_Description of the task_: The entries must be set down again word for word; no pictures belong in the copy.

Short descriptive text snippets:
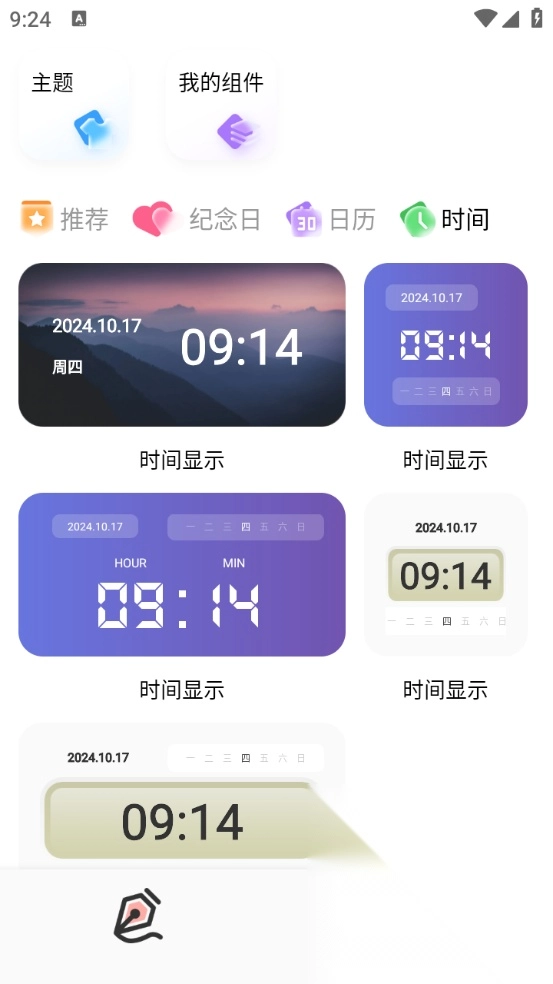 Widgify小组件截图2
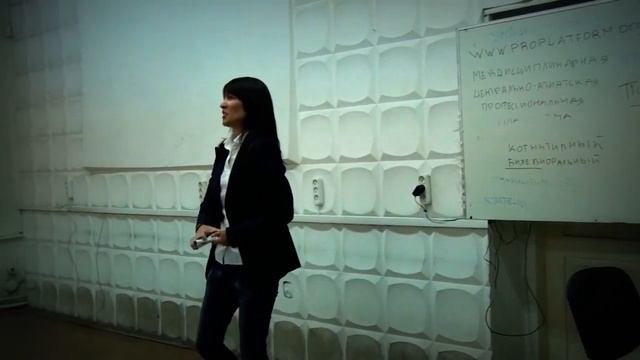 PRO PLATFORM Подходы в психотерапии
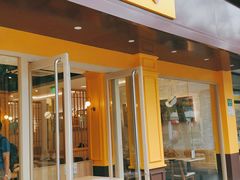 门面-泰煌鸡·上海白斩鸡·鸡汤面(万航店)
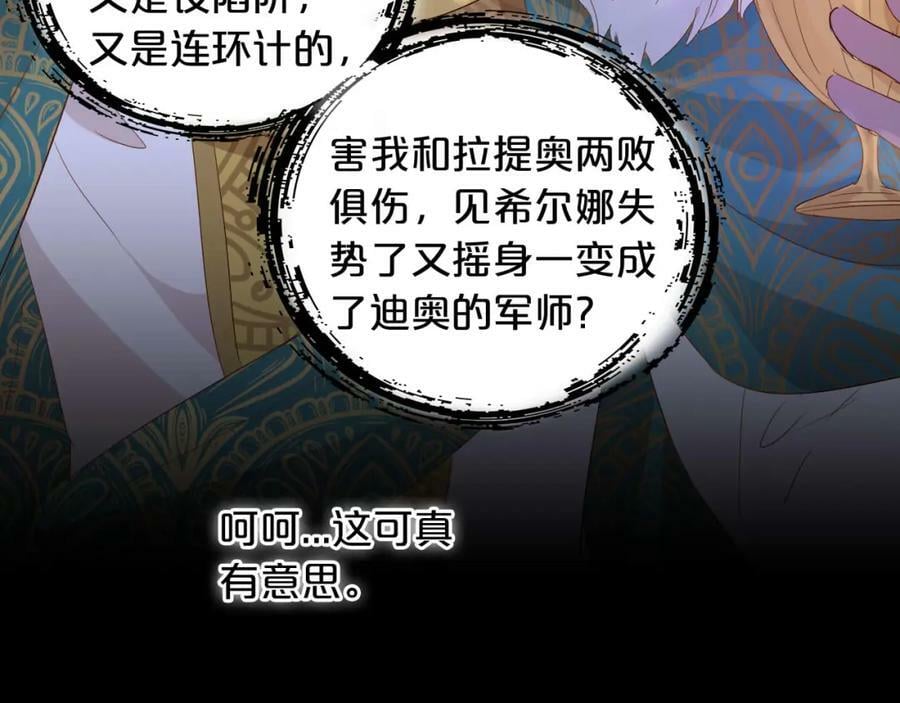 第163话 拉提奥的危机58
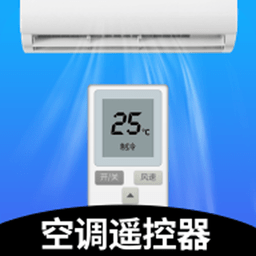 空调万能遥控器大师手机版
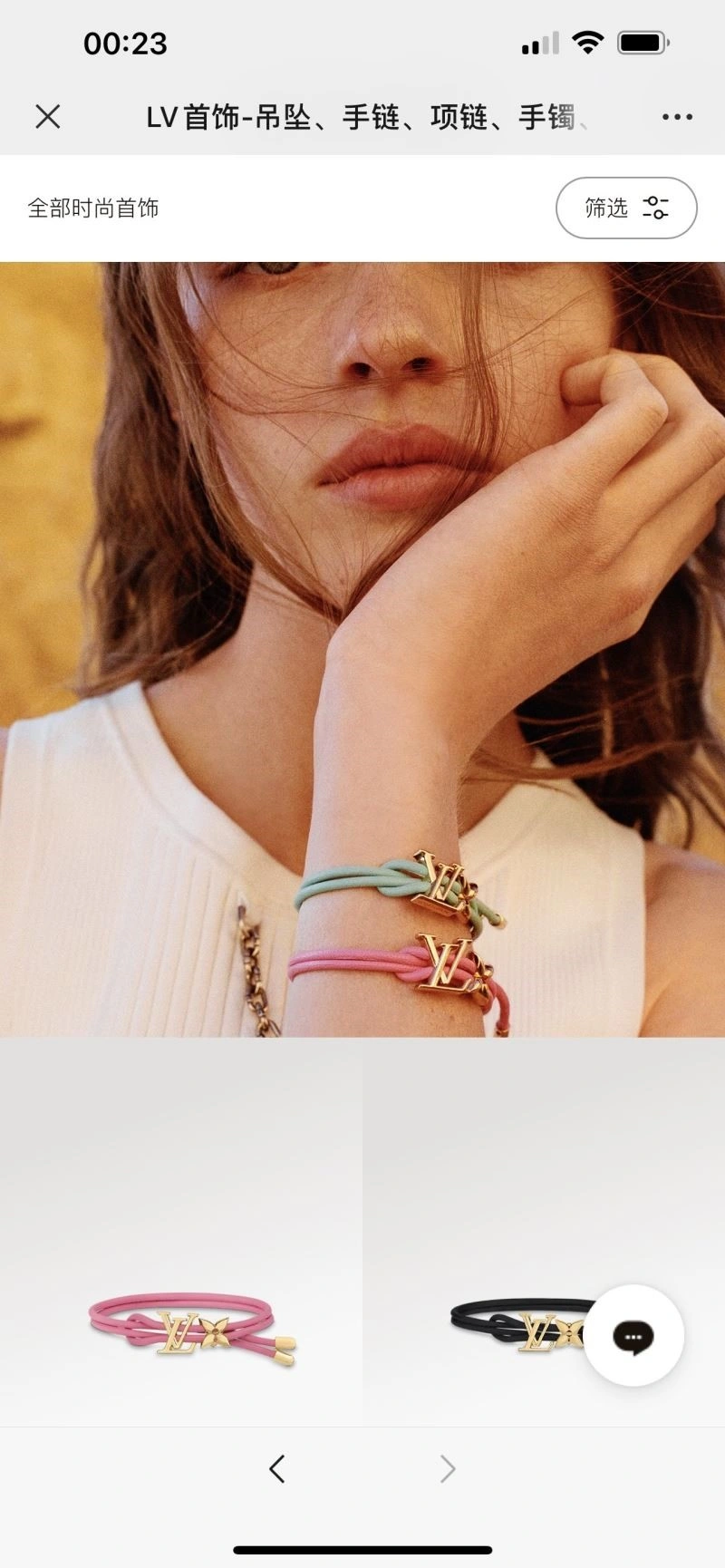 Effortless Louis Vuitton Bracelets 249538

_Answer for this exercise_:
 Widgify小组件截图2
 PRO PLATFORM Подходы в психотерапии
 门面-泰煌鸡·上海白斩鸡·鸡汤面(万航店)
 第163话 拉提奥的危机58
 空调万能遥控器大师手机版
 Effortless Louis Vuitton Bracelets 249538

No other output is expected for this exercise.